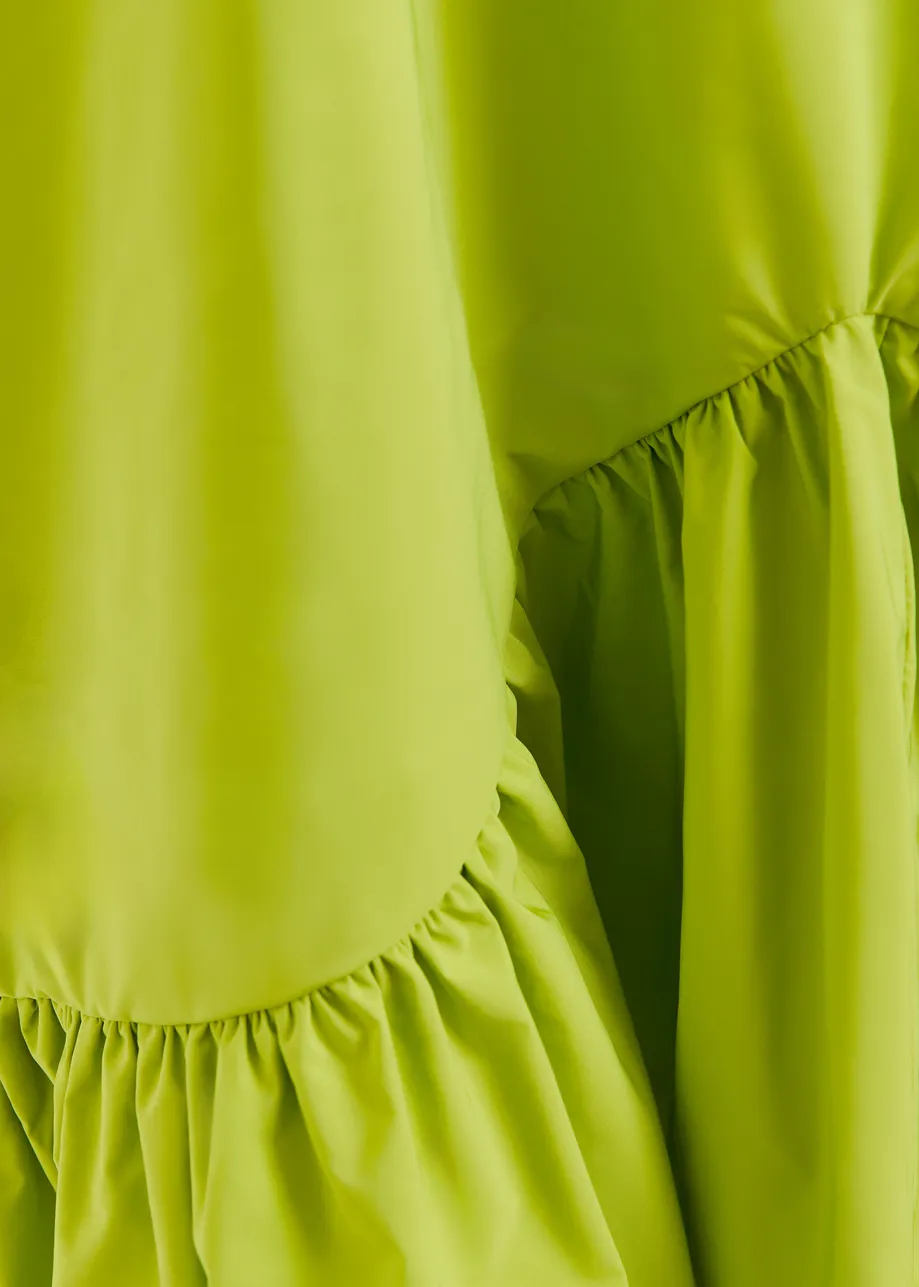 Groene mini-jurk met volants en open rug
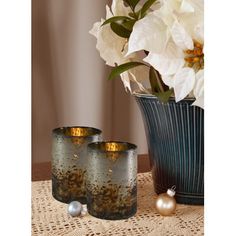 two vases with flowers in them sitting on a table next to some pearls and other decorations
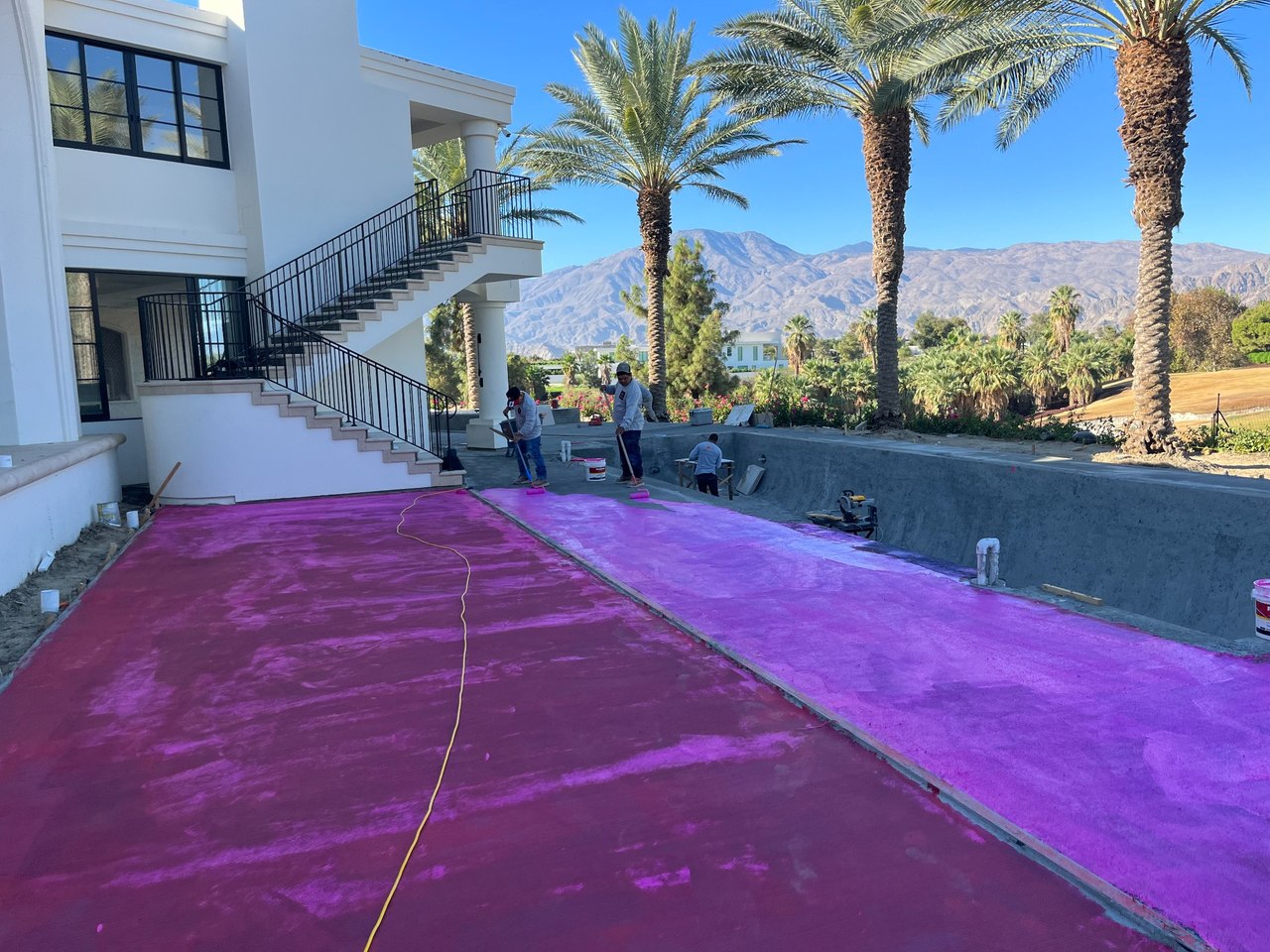RedGard membrane on concrete pool deck before tile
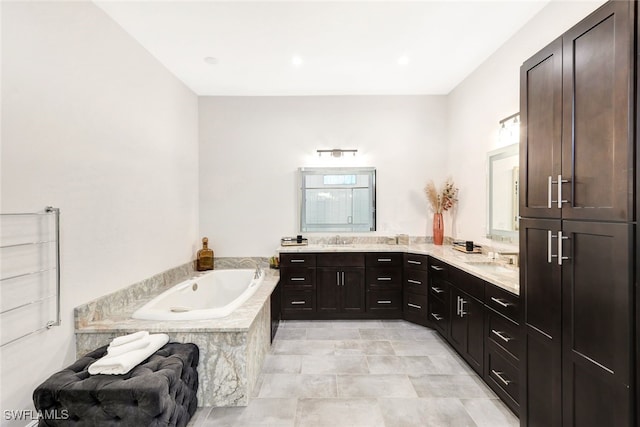 bathroom featuring a relaxing tiled tub and vanity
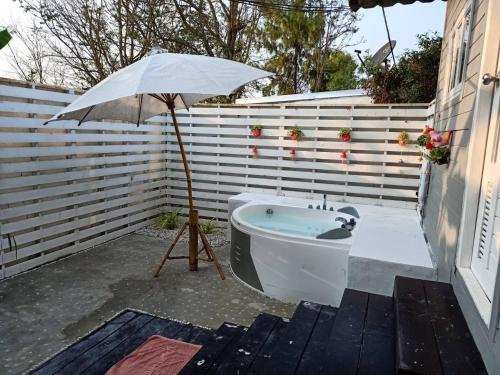 a bath tub with an umbrella next to a building at Terrua Main Ten Villa Garden in Suan Phung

About this task:
From the first line to the last, copy the listing above exactly and leave out the images.

Exercise response:
 Groene mini-jurk met volants en open rug
 two vases with flowers in them sitting on a table next to some pearls and other decorations
RedGard membrane on concrete pool deck before tile
 bathroom featuring a relaxing tiled tub and vanity
 a bath tub with an umbrella next to a building at Terrua Main Ten Villa Garden in Suan Phung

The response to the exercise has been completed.